It doesn't seem reasonable to you because you're making an incorrect assumption. Modern contamination can be accounted for by at least two possible sources other than the lab (I never claimed the lab introduced any contamination):
> And regardless, modern contamination affects a
> sample less and less the younger it is and no
> matter what isn't going to tack on thousands of years.
Modern contamination most certainly can take off thousands of years, the more and more older the original sample really is, as I've explained in my earlier post to you.

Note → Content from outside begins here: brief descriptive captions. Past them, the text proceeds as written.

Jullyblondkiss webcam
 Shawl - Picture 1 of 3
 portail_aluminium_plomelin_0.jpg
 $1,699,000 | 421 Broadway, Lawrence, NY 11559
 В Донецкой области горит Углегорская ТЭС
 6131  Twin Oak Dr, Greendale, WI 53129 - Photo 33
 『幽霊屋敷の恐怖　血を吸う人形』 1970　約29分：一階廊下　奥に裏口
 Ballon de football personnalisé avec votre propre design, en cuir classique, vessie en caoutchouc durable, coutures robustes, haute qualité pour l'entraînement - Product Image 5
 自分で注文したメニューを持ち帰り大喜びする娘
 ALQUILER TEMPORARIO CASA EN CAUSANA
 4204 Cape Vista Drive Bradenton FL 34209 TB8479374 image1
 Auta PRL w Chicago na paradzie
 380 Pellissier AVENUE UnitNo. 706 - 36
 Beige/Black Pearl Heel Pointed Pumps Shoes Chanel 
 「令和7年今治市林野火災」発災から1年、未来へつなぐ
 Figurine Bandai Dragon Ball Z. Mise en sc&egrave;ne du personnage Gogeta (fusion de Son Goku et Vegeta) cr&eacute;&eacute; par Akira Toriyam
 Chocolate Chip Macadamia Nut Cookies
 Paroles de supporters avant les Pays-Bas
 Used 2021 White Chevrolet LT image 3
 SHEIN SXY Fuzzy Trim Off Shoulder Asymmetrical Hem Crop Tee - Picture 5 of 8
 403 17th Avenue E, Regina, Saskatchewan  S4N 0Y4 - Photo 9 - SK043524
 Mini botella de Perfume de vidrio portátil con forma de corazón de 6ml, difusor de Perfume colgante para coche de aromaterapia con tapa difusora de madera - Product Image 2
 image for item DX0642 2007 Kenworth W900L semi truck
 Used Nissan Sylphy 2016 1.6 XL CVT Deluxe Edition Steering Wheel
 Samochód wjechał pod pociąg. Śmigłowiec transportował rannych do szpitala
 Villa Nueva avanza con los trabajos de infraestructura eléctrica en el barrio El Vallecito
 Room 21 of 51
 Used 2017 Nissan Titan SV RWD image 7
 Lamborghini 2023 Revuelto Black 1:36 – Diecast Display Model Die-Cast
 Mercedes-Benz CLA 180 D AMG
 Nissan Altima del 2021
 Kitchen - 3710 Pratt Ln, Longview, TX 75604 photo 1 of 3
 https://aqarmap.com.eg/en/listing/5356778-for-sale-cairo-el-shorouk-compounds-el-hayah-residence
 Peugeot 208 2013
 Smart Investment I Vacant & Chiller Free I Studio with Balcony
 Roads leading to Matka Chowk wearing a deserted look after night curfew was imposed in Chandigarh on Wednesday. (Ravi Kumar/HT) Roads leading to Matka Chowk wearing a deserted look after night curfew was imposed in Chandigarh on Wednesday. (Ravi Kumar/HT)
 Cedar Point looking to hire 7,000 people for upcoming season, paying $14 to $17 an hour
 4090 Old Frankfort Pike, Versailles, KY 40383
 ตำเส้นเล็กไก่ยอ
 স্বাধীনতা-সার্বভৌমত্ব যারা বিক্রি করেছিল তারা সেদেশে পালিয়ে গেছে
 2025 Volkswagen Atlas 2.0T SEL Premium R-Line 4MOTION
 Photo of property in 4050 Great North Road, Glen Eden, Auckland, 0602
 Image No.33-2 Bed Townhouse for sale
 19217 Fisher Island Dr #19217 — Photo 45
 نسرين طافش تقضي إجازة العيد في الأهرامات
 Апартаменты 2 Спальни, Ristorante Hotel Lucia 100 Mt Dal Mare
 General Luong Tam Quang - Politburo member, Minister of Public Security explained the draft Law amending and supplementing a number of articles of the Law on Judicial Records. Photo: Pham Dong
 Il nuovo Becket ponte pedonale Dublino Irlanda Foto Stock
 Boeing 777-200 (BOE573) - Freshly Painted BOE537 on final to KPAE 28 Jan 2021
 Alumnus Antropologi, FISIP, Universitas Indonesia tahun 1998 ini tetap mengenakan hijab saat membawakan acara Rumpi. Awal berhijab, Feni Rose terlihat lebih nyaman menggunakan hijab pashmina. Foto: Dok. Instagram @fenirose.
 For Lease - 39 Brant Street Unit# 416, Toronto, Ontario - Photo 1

> For convenience I quote Wikipedia:
> "Any addition of carbon to a sample of a
> different age will cause the measured date to be
> inaccurate. Contamination with modern carbon
> causes a sample to appear to be younger than it
> really is: the effect is greater for older
> samples. If a sample that is 17,000 years old
> is contaminated so that 1% of the sample is modern
> carbon, it will appear to be 600 years
> younger; for a sample that is 34,000 years old
> the same amount of contamination would cause an
> error of 4,000 years. Contamination with old
> carbon, with no remaining 14
> C, causes an error in the other direction
> independent of age – a sample contaminated with
> 1% old carbon will appear to be about 80 years
> older than it really is, regardless of the date of
> the sample."
> So if a 17,000yr (15,000BC) old sample appears
> only 600yrs younger with 1% modern contamination
> it would take 18-20% contamination to get that
> sample to appear to be 5,000yr (3,000BC) old.
> There is no stretch of the imagination to make
> this plausible.
How do you know how much modern carbon could have seeped into the surface of that mortar and/or has been chemically exchanged with, or absorbed by, that surface "charcoal" over the past 700 years, considering all organic substances that could come in contact with those surfaces over such 24/7 exposure? The RCD studies made a fundamental error of not only taking surface samples, but actually requiring that all of the samples be taken from the surface without offering any explanation at all for that requirement other than stating that all samples were biased to only those that contain a visible 1 mm clump of surface charcoal, the content of which is anyone's guess after being exposed to surface carbon for almost a millennium if not much longer.
And that's not the only thing that's causing a skewed result. Let's not forget the outlier math apparently presumes a univariate normal distribution when no such sample distribution was mathematically characterized. This results in an incorrect "best fit" statistical method that forces the data into a preordained "expected" range. That seems clear with the '95 study (which included the '84 data).
By the way, depending on the source of the charcoal in the samples and the process used to manufacture the mortar, charcoal can attract/trap a relatively huge volume of environmental carbon which can add significantly to the contaminant effect. For example, modern activated charcoal (which can be created simply by heating it above 250C within oxygen steam) absorbs not merely 20% of its weight, but up to 50,000 times its weight. Note that the process for manufacturing gypsum mortar is about 250C to get the "sweet spot" between a slow drying but hard gypsum (120C-180C) and a fast drying, brittle gypsum (300C). So it's quite possible that the process created a lot of activated charcoal that served as a target for a great deal of modern contamination.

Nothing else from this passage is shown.